Ashley Barnes-Gilbert (she,her,hers) is a lecturer in Women’s and Gender Studies.
She studies and teaches queer history and theory. She received her PhD from the Program in Gender and Women’s History at the University of Wisconsin-Madison as the George L. Mosse Scholar of LGBTQ History.
Her dissertation, titled “River Town Brothel Culture: Sex Worker Mobility, Policing, and Agency 1870 to 1940,” explores the mediated agency of sex workers in the economic and social worlds of Memphis, St. Louis, and Kansas City. Linked by the Mississippi and Missouri Rivers, these cities are geographically connected and are key sites of migration for workers moving westward.

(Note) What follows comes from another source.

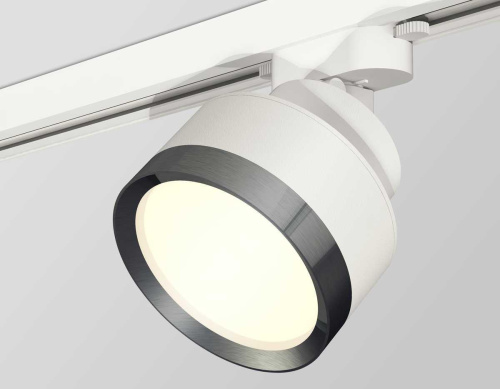 Комплект трекового светильника Ambrella light Track System XT (A2524, A2105, C8101, N8133) XT8101006 Комплект трекового светильника Ambrella light Track System XT (A2524, A2105, C8101, N8133) XT8101006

She argues that river town sex workers were cultural producers and consumers who challenged and contributed to the creation of mainstream culture—and particularly to complex articulations of gender, sexual, and racial structures in this important region and era of U.S. history. “River Town Brothel Culture” contributes to several fields, including gender and women’s history, history of sexuality, and labor history.
Her current research explores the queer worlds of historic brothels and the historical memory of sex work. Overall, the aim of her work is to demonstrate the layers of construction obfuscating queer history, especially when only certain lives have been deemed valuable based on heteronormativity.